It was at this point that our other dearest neighbours called in distress. Their car had suddenly shed a spring and they needed to get to Newcastle urgently. So, off I drive with other dearest neighbours and minus soap and book and candle, and returned a couple of hours later to find the sawdust now distinctly wet, and the cat neighbour returned with the cat suitably vetted and now happy but freaked out, and all engaged in a lengthy and exuberant conversation about Patricia’s art work. Patricia’s pictures are really something special, far better than my own efforts, and a lot nicer than smelly fuel tanks. The tank experts then rang to say they would be really late, so this was turning into a rather special day.
My desk has been getting over-full with bills, dumb adverts, insurance renewals, and so on, so I tidied that mess till the tank experts arrived and got to work. It was just like emptying glo fuel but on a more massive scale. This tank contained more fuel than a Spitfire. The pipe was a good inch diameter, and the pump could have powered a hang-glider. Soon the old tank was emptied into two other equally old tanks where the splits were not at the bottom. I was told to await a phone call from their Boss with news of the arrival of a new wonder tank with electronic fuel recorder and a rather large bill which would have pride of place on my now uncluttered desk. This could be partially hidden under the car renewal, the house renewal, and the water rates. Partially uncluttered desk.
I saw an ad the other day for an Evolution 7 cylinder 35cc radial engine, mint, at almost half price, the only engine I really really want. I am now glad I left it to some other happy buyer, or I would be facing some considerable embarrassment in the next few days. Maybe next year……
The Tank experts excelled, and returned the following day with a brand new tank, removed the old one and tried to fit the new one. This proved difficult, as the concrete base was slightly irregular with little protrusions on it. The official term for these, the experts said, was snots, and it was so descriptive. They were removed with hammer and chisel, a novel way to cure a cold. At last the tank sat firmly on its base, it was connected up to our boiler, and filled with what remained of our kerosene. The soggy sawdust was scooped up, and the smell diminished. Contracts were signed, and we found we really did have an electronic height recorder hidden in our tank. It is so good to be dragged into the 21st century, especially when it apparently takes up to half a day for the sender and receiver to shake hands and agree to talk to each other. We find we still have about 6 electronic bars of fuel left in our tank. I wonder what that really means in terms of hot showers or cups of tea. I believe we have height recorders for our models these days, a facility enjoyed by those who have moved on from 35mhz, but they seem to shake hands rather more frequently than every half hour or so. So long as I can see my model, I don’t really care how high it goes. I can leave the digital supremos to boast about height and speed and gizmos. I am just happy to land in approximately the same number of pieces as I took off in.

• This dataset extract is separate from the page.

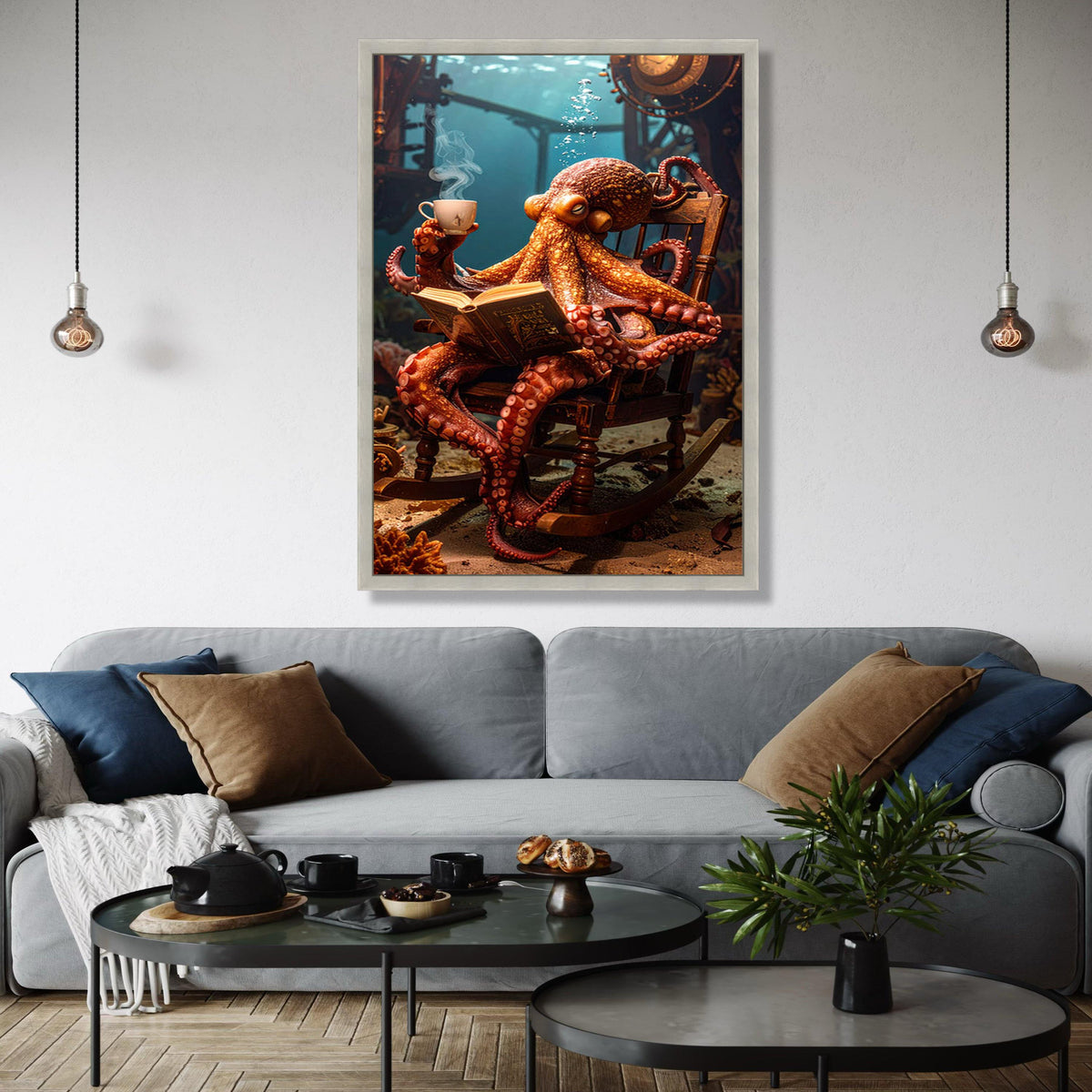 Whimsical Octopus Reading Canvas, Underwater Fantasy Wall Art, Marine Life Decor, Steampunk Submarine Scene, Gift Art, Home Decor, Print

A 1 Tanks are the experts. Their base is Richmond, and they cover all the A1 from Sheffield to the Borders, from Hull to the Lakes. You get keen Yorkshire service, keen Yorkshire workmanship, and keen Yorkshire pricing. The Best! All you need to do is feed the experts with keen Yorkshire Tea and a few kitkats. It was only afterwards that I found that they also sell steel tanks as well as plastic ones. Inspecting the old tank after removal there were several cracks in it, one big one, and they have a lifetime of just 10 years. This tank was 13 years old, and out of the sun, out of use, and out of guarantee. Well, you win some, you lose some.

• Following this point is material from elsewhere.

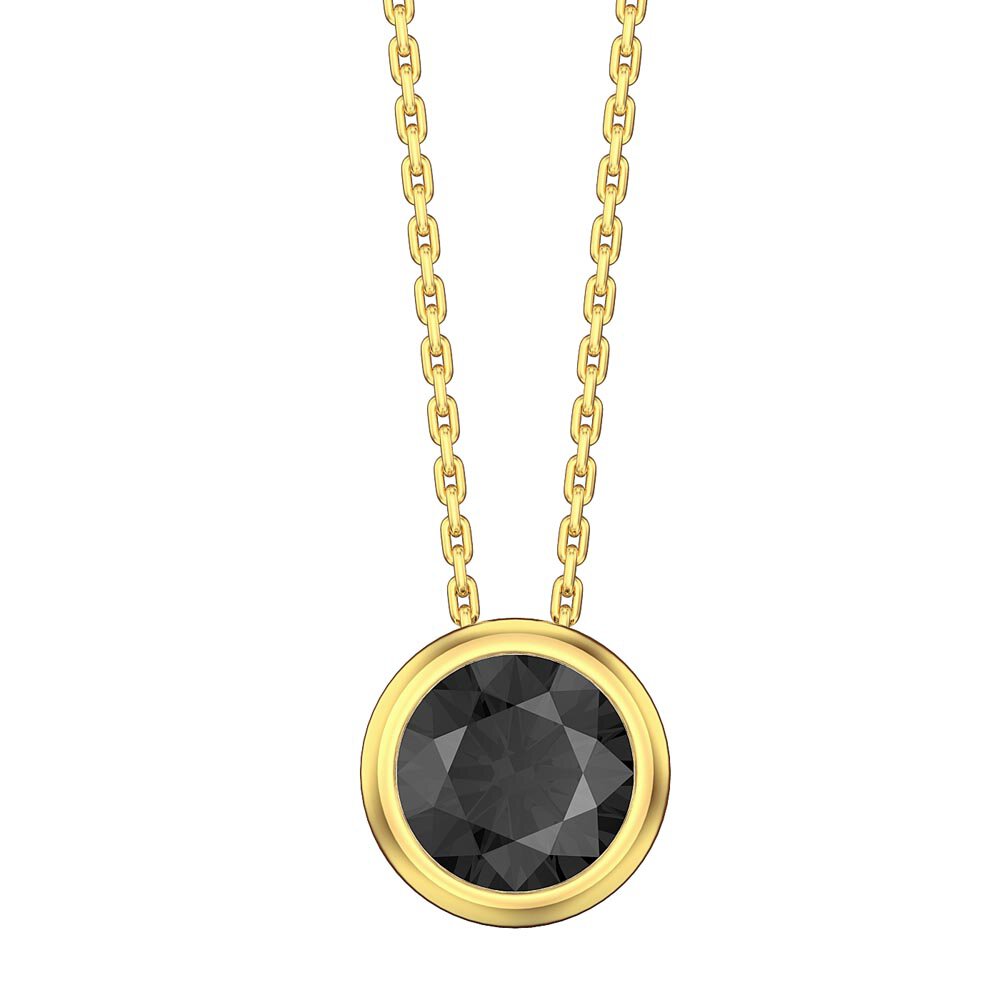 Infinity 1.0ct Onyx Solitaire 18ct Gold Vermeil Bezel Pendant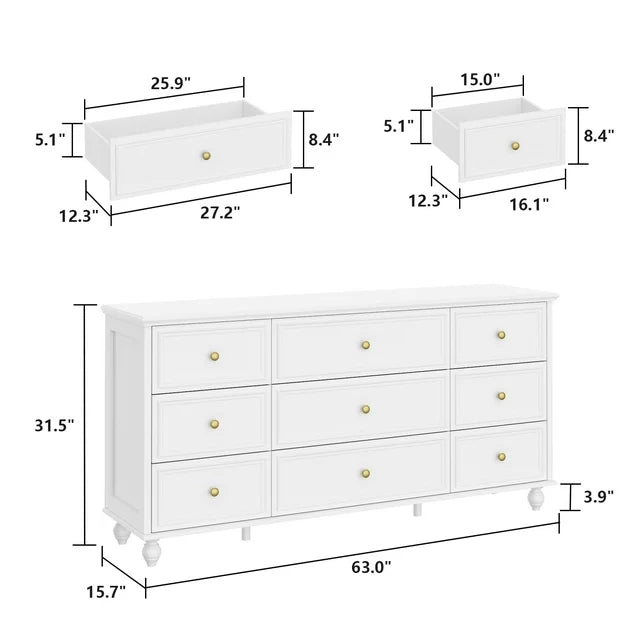 Hitow 9 Drawer Dresser for Bedroom , Chest of Drawer Storage Organizer White, 63"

And these were going to be really nice flying days. Bright sunshine and no rain. Well, again, you win some, you lose some. I suppose there is a moral in there somewhere. Always check your plumbing before going flying, and make sure the tank doesn’t spring a leak. Make sure your batteries aren’t leaking their power all over the place. And if you want some free kerosene for your super new jet, you are welcome to some bags of smelly soaking sawdust to boil down. And I didn’t crash a single plane, nor use one for experimental purposes nor cause distress to any airframe during this entire interlude! The wind was a bit too strong for decent flying, anyway.
I am still wondering about our neighbours with the bars of soap. Do they have showers with shower gel, or do they soak in a steaming bath full to the brim with soap suds? Or maybe a shared tub in the kitchen with a bar of carbolic? I’m not sure I want to explore that too far, they are such nice people. I will just give them their soap back.

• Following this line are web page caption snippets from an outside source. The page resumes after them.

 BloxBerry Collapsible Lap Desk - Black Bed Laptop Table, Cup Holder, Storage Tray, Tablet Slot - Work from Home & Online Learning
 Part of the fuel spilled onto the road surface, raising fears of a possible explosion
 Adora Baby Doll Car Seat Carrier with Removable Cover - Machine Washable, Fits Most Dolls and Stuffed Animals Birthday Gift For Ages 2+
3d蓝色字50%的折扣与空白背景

Patricia is fanatical about clutter. If it hasn’t been used in six months, dump it. She wages war on clutter throughout the house and garden, and on my desk, where it is called progressive entropy filing system, and she wages war (from a safe distance) on the mess in my workshop, where it is called fun. The tank invoice arrived a day or so later, by first class post, and took pride of place on my uncluttered desk. Now, if my desk were just a little cluttered I could regretfully lose it for a few days till the reminder came. I am quite comfortable with a little clutter, and I am all for a quiet Wife. I haven’t used my fishing tackle in the last six months, not even in the last six years. I just hope Patricia doesn’t find where I have hidden all that!
I found out at the Pub quiz that the neighbours don’t really want their soap back, after all. Perhaps a shared tub wasn’t on their list of thrills. Lets hope their oil tank doesn’t start leaking.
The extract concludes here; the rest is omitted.